To survive and thrive in the future, organizations should think about transformation through the lens of:
1) Innovation and Adaptation
2) Continuous Learning
Change is a driver of transformation no matter how you define it, and the way an organization responds to such drivers will determine its viability (perhaps its very existence). For example, IBM was a computer company that reinvented itself to become one of the most successful consulting firms today. On the other hand, Blockbuster was a popular video-game and movie-rental franchise with over 60,000 employees and over 8,000 stores in 2004. Yet, it failed to adapt, innovate, or learn from the market (as did its competitors).
Innovation and Adaptation
It’s important to acknowledge the impact of emergent technologies on how we work, live, consume, and communicate. In a world where you can crowdfund for capital or crowdsource for expertise, we need to think beyond the technology we work with today (computers, mobile devices), to think of technologies that will support new and more integrated solutions.
The focus should be on the ways we adapt our lives and our behaviors based on these innovations.

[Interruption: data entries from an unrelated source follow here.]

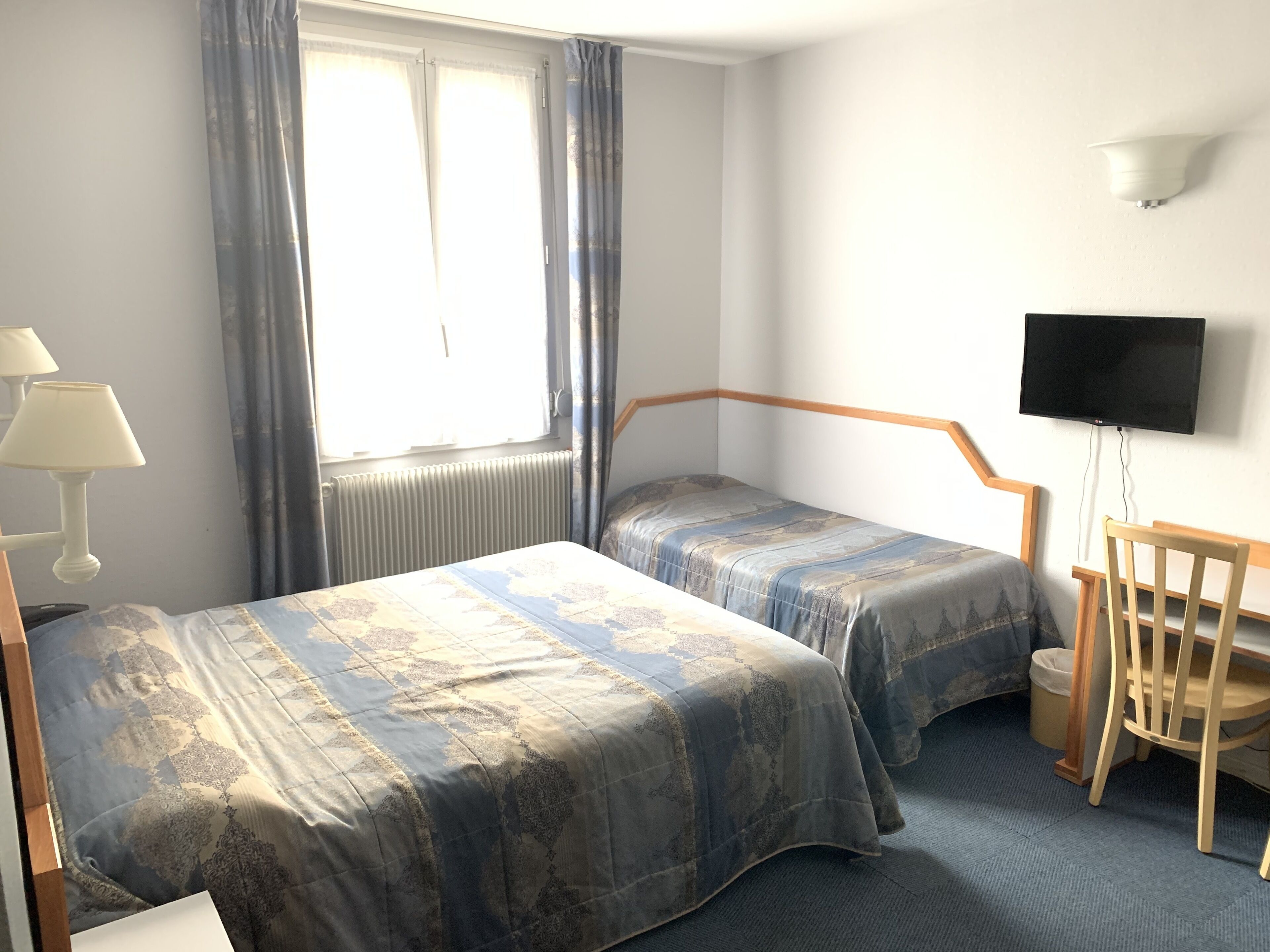 triple room | individually decorated, individually furnished, desk, blackout curtains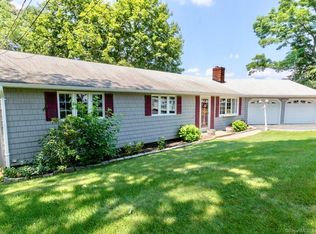 115 Ridgefield Dr, Stratford, CT 06614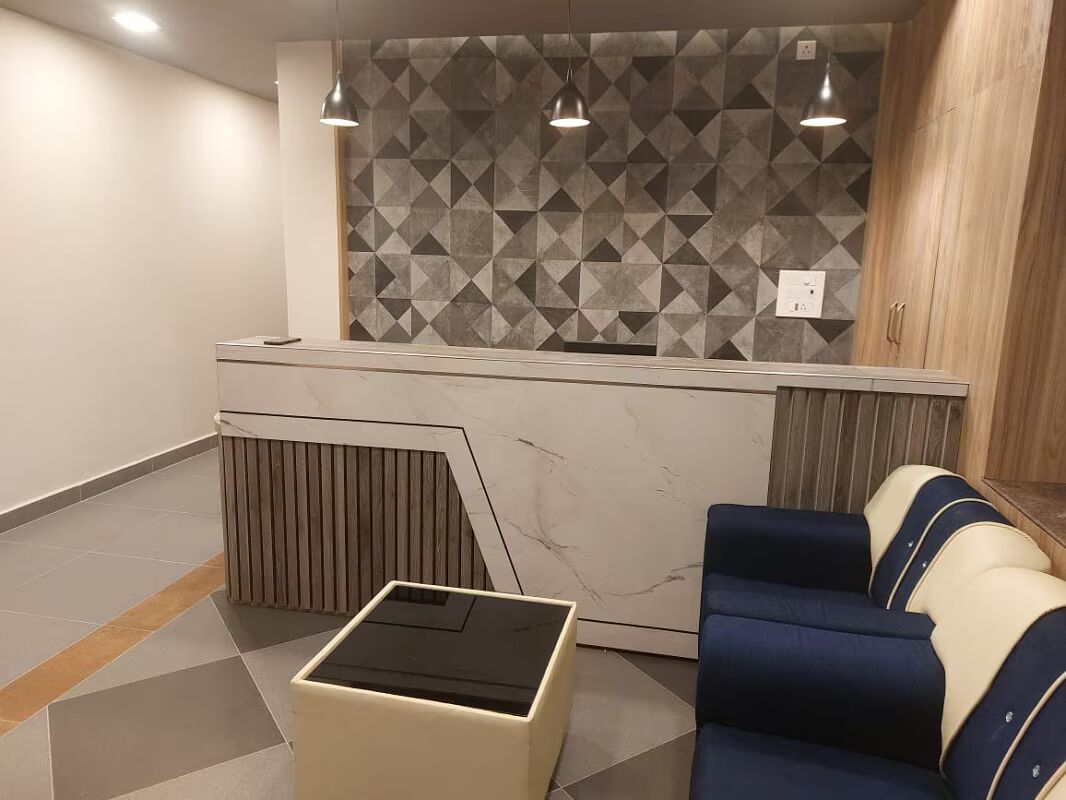 Hotel Le Park Residency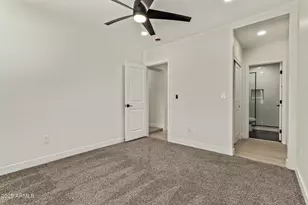 9845 N 15th Ave, Phoenix, AZ 85021 - Photo 16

For example, Amazon, Facebook, and Google are considered some of the most innovative organizations, particularly based on their ability to adapt and experiment with new ideas.
- It’s no coincidence that Amazon Prime Air made its first drone delivery this year,4 just as drones and flying cars continue to advance the technological landscape.
- It’s no coincidence that Facebook invested over $2 billion to acquire Oculus Rift, a virtual reality startup hailed as the next important computing platform.
- Google’s moonshot factory, Google X, plans to provide high speed internet access to the most remote areas around the world using a network of traveling balloons.
Organizations that innovate — that understand emergent technologies — are able to create and shape the lifestyle changes that such tools afford their customers. Staying complacent is no longer an option. Innovation is essential to transformation and it requires adaptation and continuous learning.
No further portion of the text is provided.